Tres meses después del funeral de mi madre, mi padre se casó con su hermana. Intenté convencerme de que el dolor puede llevar a las personas a tomar decisiones inimaginables. Pero entonces mi hermano llegó tarde a la boda, me llevó aparte y me entregó una carta; una que mi madre nunca quiso que viera.
Pensé que nada podía ser más doloroso que ver morir a mi madre. Me equivocaba.
Luchó contra el cáncer de mama durante casi tres años.
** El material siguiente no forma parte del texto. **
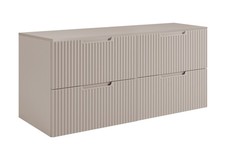 Armadio Armadietto Bagno Lavandino Lavabo Mobile Doppio 160 cm VENA Beige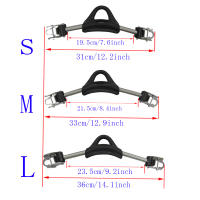 2ชิ้นดำน้ำสแตนเลสฤดูใบไม้ผลิครีบสายรัดนักดำน้ำสายรัดส้นเกียร์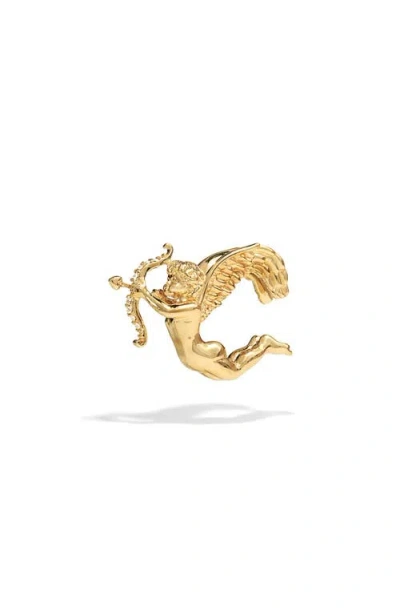 Awe Inspired Cupid Ear Cuff In Gold
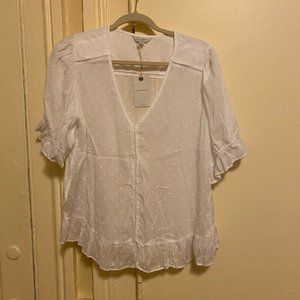 NWT Lucky brand soft white blouse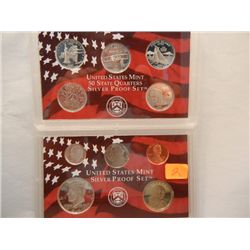 2001 US Mint Silver Proof Set w/ 50 State Quarters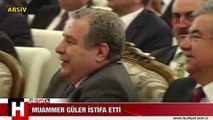 İÇİŞLERİ BAKANI MUAMMER GÜLER İSTİFA ETTİ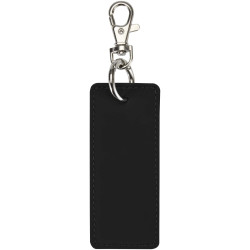 Porte-clés publicitaire rectangulaire à breloques en matériaux recyclés certifié GRS Resi Plus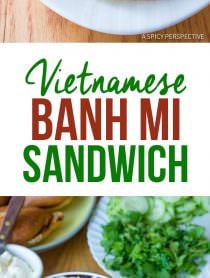 Perfect Vietnamese Banh Mi Sandwich | ASpicyPerspective.com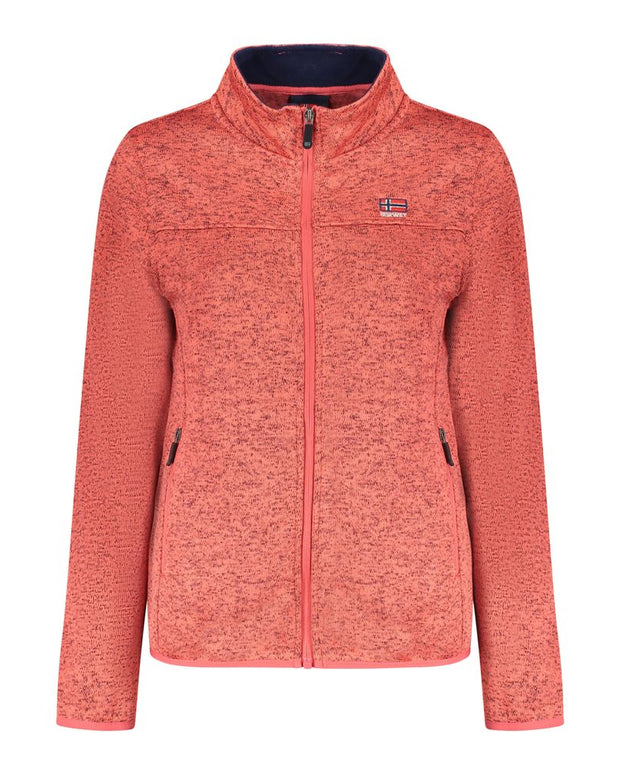 Pink Polyester Women Sweater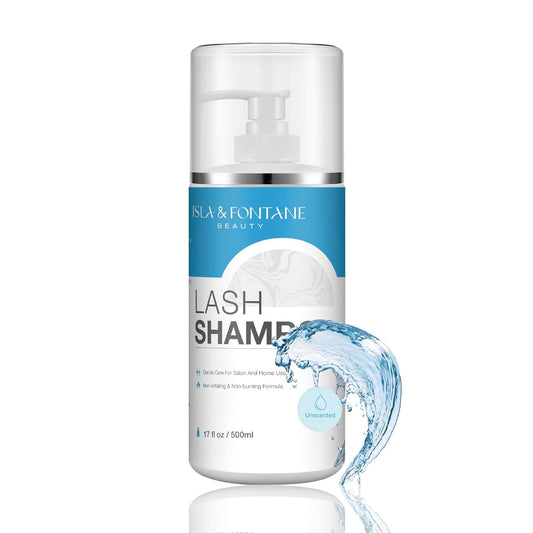 Isla & Fontane Lash Shampoo Bulk – Multi-Scent Series – 17 fl oz / 500ml | Gentle Eyelash Cleanser for Lash Extensions | Non-Irritating | Professional Lash Bath Foam For Salon And Home Use (Unscented)-GlimoraGlow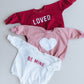 Distressed Heart Sweatshirt Romper - 5 colors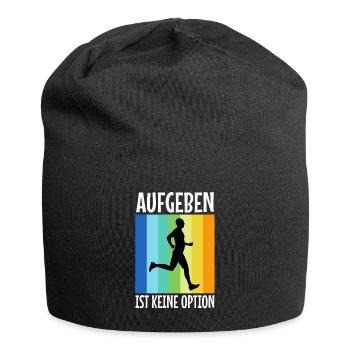 Aufgeben ist keine option - Jersey-Beanie - Schwarz - Vorne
Casi al final, apenas tenía fuerzas para sentarse erguida, pero aún le preocupaba si yo comía bien, si mi hermano Robert estaba al día con sus facturas y si papá recordaba tomar su medicación para la presión arterial.
Incluso mientras se moría, nunca dejó de ser madre.
Después de enterrarla, la casa aún olía a antiséptico y a su loción de lavanda.
La gente repetía el mismo consuelo una y otra vez.
"Ya no sufre".
"Era increíblemente fuerte".
"El tiempo te ayudará. Estarás bien".
El tiempo no ayudó. Eso solo hizo que el silencio fuera más pesado.
Tres meses después del funeral, mi padre nos invitó a Robert y a mí.
"Solo para hablar", dijo por teléfono, con un tono inusualmente cauteloso.
Cuando entramos en la sala, nada había cambiado. El abrigo de mamá seguía colgado junto a la puerta. Sus pantuflas estaban metidas debajo del sofá. Las flores del funeral habían desaparecido, pero el vacío que dejaron se sentía permanente.